Home / IB Mathematics SL 1.2 Arithmetic Sequences & Series AA SL Paper 2- Exam Style Questions

IB Mathematics SL 1.2 Arithmetic Sequences & Series AA SL Paper 2- Exam Style Questions- New Syllabus

IB DP Maths AA SL Paper 2 - All Topics

Question

Standard playing cards are used to construct a multi-level pyramid consisting of \( n \) levels (\( n \geq 1 \)). The structure is composed of cards angled at \( 60^\circ \) to each other and horizontal cards that support higher levels. Let \( t_n \) represent the total quantity of cards required to build a pyramid with \( n \) levels.
The diagrams below illustrate pyramids with n = 1, n = 2, and n = 3 levels.
Pyramid stacks for levels 1, 2, and 3
 
(a) State the value of \( t_3 \).
(b) Calculate \( t_4 \).
(c) Prove that the general formula for the total number of cards is \( t_n = \frac{n(3n+1)}{2} \).
(d) A builder has 14 complete decks of cards (each containing 52 cards). Determine the maximum number of full levels that can be constructed.
(e) Find the smallest number of levels required such that the total number of cards used is an exact multiple of 52 (a full deck).
(f) Each card has a length of 88 mm. Assuming the thickness of the cards is negligible,
Individual card dimensions
 
calculate the minimum number of cards needed to construct a complete pyramid with a vertical height of more than 2 metres.

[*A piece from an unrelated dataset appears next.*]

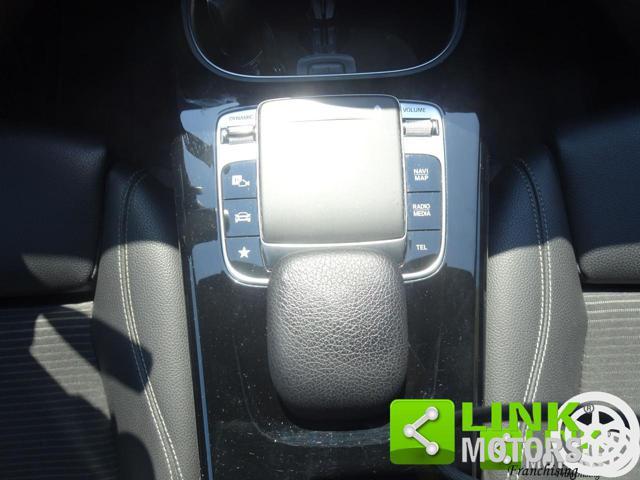 MERCEDES-BENZ A 180 SPORT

Most-appropriate topic codes (Mathematics: analysis and approaches guide):

SL 1.2: Arithmetic sequences and series — Part a, b, c
SL 1.4: Applications of arithmetic sequences and series — Part d, e, f
SL 3.2: Use of trigonometry to find unknown sides in right-angled triangles — Part f
▶️ Answer/Explanation

(a)
From the diagram (or by counting), a 3‑row pyramid uses \( t_3 = 15 \) cards. \( \boxed{15} \).

(b)
The sequence \( t_n \) increases by adding a new row of cards. Observing the pattern:
\( t_1 = 2 \), \( t_2 = 7 \), \( t_3 = 15 \).
The difference \( t_4 – t_3 \) is the number of cards in the 4th row, which is \( 3 \times 4 – 1 = 11 \) (or from the arithmetic pattern).
Thus \( t_4 = 15 + 11 = 26 \). \( \boxed{26} \).

(c)
Method 1 (Arithmetic series)
The number of cards in row \( r \) is \( 3r – 1 \).
Thus \( t_n = \sum_{r=1}^{n} (3r – 1) = 3\sum_{r=1}^{n} r – \sum_{r=1}^{n} 1 = 3 \cdot \frac{n(n+1)}{2} – n \).
Simplify: \( t_n = \frac{3n^2 + 3n – 2n}{2} = \frac{3n^2 + n}{2} = \frac{n(3n+1)}{2} \). \( \boxed{\frac{n(3n+1)}{2}} \).

(d)
Total cards available: \( 14 \times 52 = 728 \).
We need \( t_n \leq 728 \).
Solve \( \frac{n(3n+1)}{2} \leq 728 \Rightarrow 3n^2 + n – 1456 \leq 0 \).
Discriminant: \( \Delta = 1 + 4 \cdot 3 \cdot 1456 = 17473 \).
Positive root: \( n = \frac{-1 + \sqrt{17473}}{6} \approx \frac{-1 + 132.18}{6} \approx 21.86 \).
Thus the largest integer \( n \) satisfying the inequality is \( n = 21 \).
Check: \( t_{21} = \frac{21 \cdot 64}{2} = 672 \), \( t_{22} = \frac{22 \cdot 67}{2} = 737 \). \( \boxed{21} \).

(e)
We need \( t_n \) to be a multiple of 52.
Set \( \frac{n(3n+1)}{2} = 52k \) for some positive integer \( k \).
Trial of small \( n \):
\( n = 5 \): \( t_5 = 40 \)
\( n = 8 \): \( t_8 = 100 \)
\( n = 13 \): \( t_{13} = \frac{13 \cdot 40}{2} = 260 = 5 \times 52 \).
Thus the smallest \( n \) giving a multiple of 52 is \( n = 13 \). \( \boxed{13} \).

(f)
In the pyramid, each slanted card forms the side of an equilateral triangle of side 88 mm. The vertical height of such a triangle is \( 88 \sin 60^\circ = 88 \cdot \frac{\sqrt{3}}{2} = 44\sqrt{3} \) mm.
With \( n \) rows, the total vertical height is \( 44\sqrt{3} \times n \) mm.
We require \( 44\sqrt{3} n > 2000 \) mm.
Solve: \( n > \frac{2000}{44\sqrt{3}} \approx 26.243 \).
Thus the smallest integer \( n \) is \( n = 27 \).
Now find the number of cards for \( n = 27 \):
\( t_{27} = \frac{27 \cdot (81+1)}{2} = 1107 \). \( \boxed{1107} \).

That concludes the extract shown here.